Benamout Guillaume
The Freedom Of The Mark

Van Ho

Franco-Canadian artist Benamout Guillaume builds a visual language between cinema, mural painting and abstraction. Shaped by years in the global film industry, his works transform colour, movement and layered marks into vibrant compositions that feel both spontaneous and carefully constructed.

For Benamout Guillaume, image-making is an act of construction. Whether working across cinematic worlds or abstract compositions, he approaches each surface as a space where movement, colour and atmosphere can take form. His practice is shaped by two seemingly different yet deeply connected disciplines: the precision of matte painting and the physical freedom of mural art.
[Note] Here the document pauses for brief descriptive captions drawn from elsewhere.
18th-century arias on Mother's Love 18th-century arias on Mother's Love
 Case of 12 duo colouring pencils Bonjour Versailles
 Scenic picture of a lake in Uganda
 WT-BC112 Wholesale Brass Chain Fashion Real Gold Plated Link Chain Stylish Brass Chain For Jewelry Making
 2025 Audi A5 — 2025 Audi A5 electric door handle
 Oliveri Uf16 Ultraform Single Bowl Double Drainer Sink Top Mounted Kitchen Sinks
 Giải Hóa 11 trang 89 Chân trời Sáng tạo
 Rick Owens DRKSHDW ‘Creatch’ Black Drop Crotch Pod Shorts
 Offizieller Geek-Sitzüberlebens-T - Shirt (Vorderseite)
Guillaume Peyo was trained in Paris before establishing himself in Montréal, one of the world’s leading centres for visual effects. Over more than fifteen years in the global film industry, he has contributed to major productions for Apple TV+, Netflix and international studios, including Foundation, Ghost in the Shell, Furiosa, Dumbo and Death on the Nile. This background has given him a sharp understanding of composition, light, depth and visual storytelling. In film, every image must carry atmosphere and credibility. That discipline continues to inform the way he builds his personal artworks.

Yet Guillaume’s creative identity is not limited to the screen. For more than twenty years, he has also practiced mural painting, a form that requires instinct, scale and direct physical engagement. This experience brings a strong sense of movement into his abstract works. His compositions are filled with sweeping lines, layered textures, vivid colours and spontaneous gestures. 

Drawing from graffiti culture, Guillaume transforms urban energy into a refined abstract language. His works feature bold marks, graphic forms, spray-like effects, drips, blocks of colour and overlapping patterns. These elements create a rhythm that feels alive, as if each canvas records a moment of motion. The viewer is invited to follow the traces of his gestures, moving through layers of colour and form.

Colour plays a central role in his visual world. Bright yellows, electric blues, reds, blacks, greens and turquoise tones appear with confidence and intensity. At times, they recall city walls, posters, signs and fragments of street culture. At other moments, they suggest cinematic light or digital landscapes. This balance between urban memory and visual construction gives his work a distinctive tension.

What makes Guillaume’s practice compelling is the way he brings together control and freedom. From cinema, he carries a sense of structure, atmosphere and world-building. From mural painting and graffiti, he draws energy, speed and instinct. His artworks do not describe a specific scene, yet they often feel like fragments of a larger environment. They suggest places in motion, shaped by memory, rhythm and visual noise.

In his personal body of work, abstraction becomes a space of release. The image no longer needs to serve a film narrative or create an illusion of reality. Instead, it becomes a field for gesture, emotion and movement. Through each layered composition, Benamout Guillaume invites viewers into a world built from colour, mark and momentum, where the cinematic eye meets the freedom of the painted wall.